If Leicester fail to stay in the top flight at the end of the season, this decision will prove to be a foolish one. Conversely, if they somehow stay above relegation, the management would be wrong to assume that it happened due to sacking Ranieri. It would happen only because the players rose up to the occasion and played sensibly, something they have not done so till now.
Furthermore, Leicester’s performance at UCL was something to be optimistic about. Despite losing to Sevilla, Leicester managed to grab an important away goal. Sacking Ranieri right after that game and not waiting up to the return leg just proves that the board panicked and sat down do decide Ranieri’s fate. A 2-1 deficit is not impossible to overturn at UCL. This is something that astonished most people. Leicester are very much alive at UCL and the owners should have trusted Ranieri at least till the end of the return leg.
Following his sacking, renowned coaches and pundits lamented the decision.
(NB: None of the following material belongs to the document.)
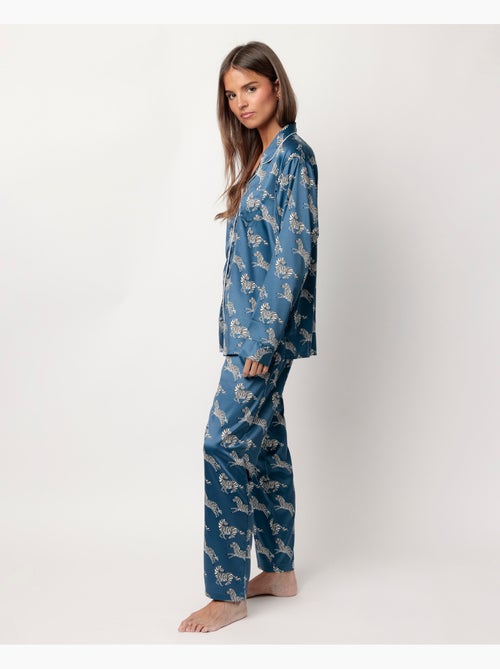 ADMAS LUXURY Pijama Manga Larga Abierto Satinado Zebra Gold para Mujer - Kiabi ADMAS LUXURY Pijama Manga Larga Abierto Satinado Zebra Gold para Mujer - Kiabi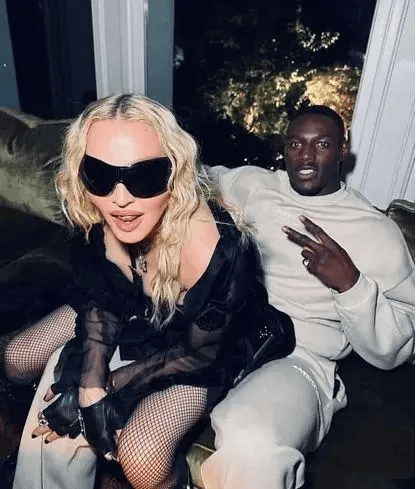 67岁生日麦当娜与鲜肉男友同吃Labubu蛋糕，造型致敬子弹胸罩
Liverpool manager Jurgen Klopp remarked that this was as mystifying as Brexit and the 2016 US election. Gary Lineker said that the sacking was very sad and inexplicable to everyone.
But no one paid a better tribute to the Italian than Jose Mourinho. Slamming the practice of axing coaches due to a team’s poor run of form, he said that rather than sacking Ranieri, Leicester should have renamed their stadium as the Claudio Ranieri Stadium as a tribute to the Italian. The Manchester United boss opined that Ranieri’s Premier League triumph was better than his three Premier League victories with Chelsea and that his contribution at Leicester cannot simply be erased from history.
While Ranieri can certainly be blamed for tinkering constantly with the lineup and formation, his sacking was premature and a sudden decision from the management. Leicester City is not a big club and neither do they have the ability to perform the way they did in 2015/16 season consistently. What they did have, was a manager who dreamt big and led a squad of relatively unknown players to the very top of the Premier League.
During their 2015/16 run, Ranieri told the media,
‘Our story gives hope to all the young players out there who have been told that they are not good enough.’
Following his sacking, Ranieri released a statement thanking everyone related to the club for the amazing journey and said that it was a pleasure and honor to be champions with everyone. He commented that what they achieved together would always remain etched in history. He also thanked his wife and family for the support they provided during the course of this time.
Leicester appointed Craig Shakespeare as interim manager for their upcoming clash against Liverpool, scheduled to take place tonight. It will be his job to steer Leicester away from the relegation zone. Whether he achieves that remains to be seen.
Ranieri exited saying,
‘Yesterday my dream died.’
And with that died the fairy-tale of Leicester City, proving once more that in reality, there is no such thing as a happy ending.